Nigeria’s Debt Management Office (DMO) has raised N709.621 billion from the Treasury Bills market as yields on the 364-day instrument surged to 17.50 per cent, reflecting sustained investor appetite amid tight monetary conditions.

The auction, conducted yesterday, showed strong demand across all maturities, but the 364-day paper attracted the most interest as investors priced in higher returns following recent monetary tightening by the Central Bank of Nigeria (CBN).

Breakdown of the allocation showed that the one-year bill accounted for the bulk of the haul, with investors moving aggressively toward longer-dated short-term securities to lock in elevated yields. Market analysts say the jump to 17.5 per cent  one of the highest levels in recent months  signals continued adjustments to inflationary pressures and tighter liquidity in the banking system.

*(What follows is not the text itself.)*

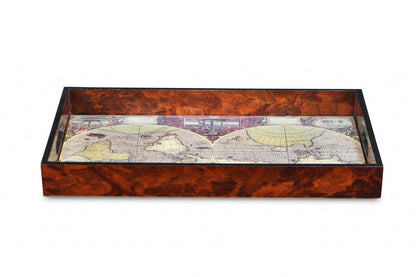 World Map Vintage Burlwood Serving Tray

The 91-day and 182-day bills were also oversubscribed, although yields remained below the one-year tenor. The DMO said the outcome underscores robust market confidence in government securities, even as borrowing costs continue to rise.

Traders in the fixed-income market noted that the elevated yields may persist into the first quarter of 2026 as the CBN maintains a contractionary stance to stabilise the naira and curb inflation.

The successful N709.62 billion allotment forms part of government’s short-term financing strategy and is expected to support budget implementation while deepening liquidity in the money market.

Analysts, however, warn that sustained high yields could increase the government’s refinancing burden, even as they provide attractive opportunities for institutional and retail investors in the near term.